A study by the advocacy group Childbirth Connection found that while costs vary by state and hospital, the average price tag for a vaginal delivery with no complications, including care for a newborn directly after birth, is $32,093 in the U.S. A caesarean section costs more than $51,000 on average.
The report came just days after President Donald Trump vulgarly pondered why there aren't more immigrants from Norway in the U.S. Like most industrialized countries, Norway provides healthcare to its citizens free-of-charge, and huge debts or medical bankruptcy brought on by the delivery of a child would be impossible there.
In 2015, Norway ranked as the best-performing country in the world in terms of healthcare for new mothers, according to Save the Children, and was found to have an infant mortality rate below two percent, compared with the U.S. rate of 7.9 percent.
The author of a highly respected 2007 study of medical bankruptcy in the U.S. estimated that 11 years later, as many as 56,000 households still go bankrupt annually as a result of childbirth or adoption.

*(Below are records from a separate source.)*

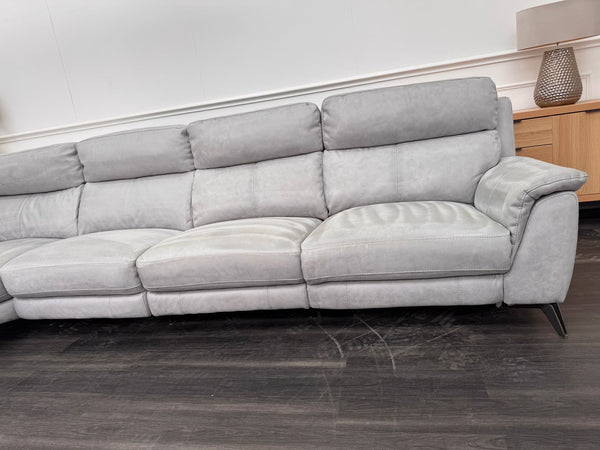 Contempo Grey Silver Saddle Fabric Chaise End Power Recliner Corner Sofa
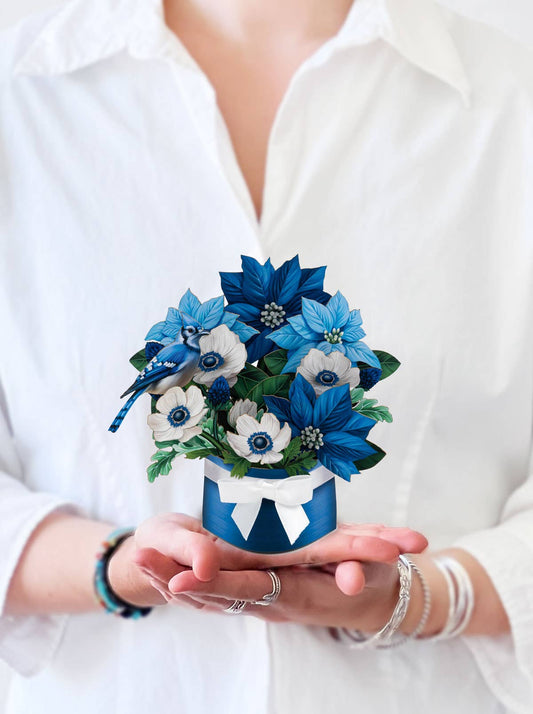 FreshCut Paper LLC - Mini Blue Poinsettia (10 Pop-up Greeting Cards)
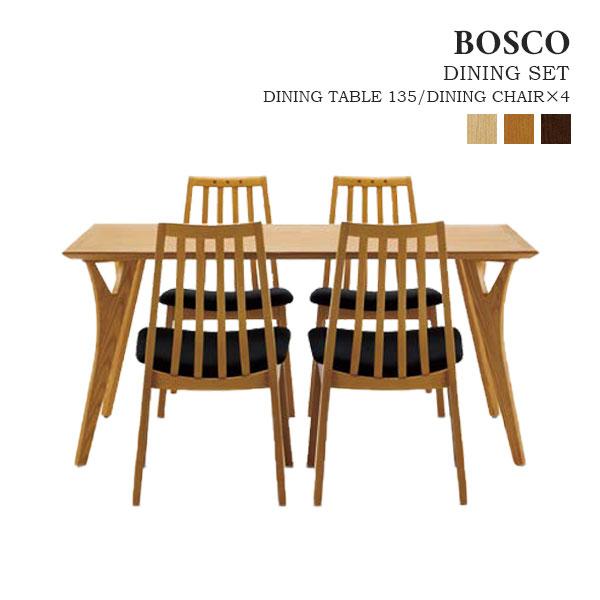 朝日木材加工 【BOSCO ボスコ】ダイニング5点セット (テーブル×1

"Why any society should let anyone be bankrupted by medical bills is beyond me, frankly," Dr. Steffie Woolhandler, a co-founder of Physicians for a National Health Program, told the Guardian. "It just doesn't happen in other western democracies."
While insurance companies often cover much of the cost of childbirth, many American families are still caught off-guard when they learn the amount they owe facilities after delivering. Childbirth Connection found that the average insured family pays about $3,400 after a birth—more than the total cost of childbirth in other countries including Spain and South Africa.
The Guardian report also came weeks after House Speaker Paul Ryan (R-Wis.) informed Americans that "we need to have higher birth rates in this country" in order to continue to fund programs like Social Security and Medicare—following the passage of the Republican Party's tax bill which many policy experts expect to trigger cuts to those programs, and decades of efforts to make prenatal healthcare and childcare less affordable and accessible to Americans.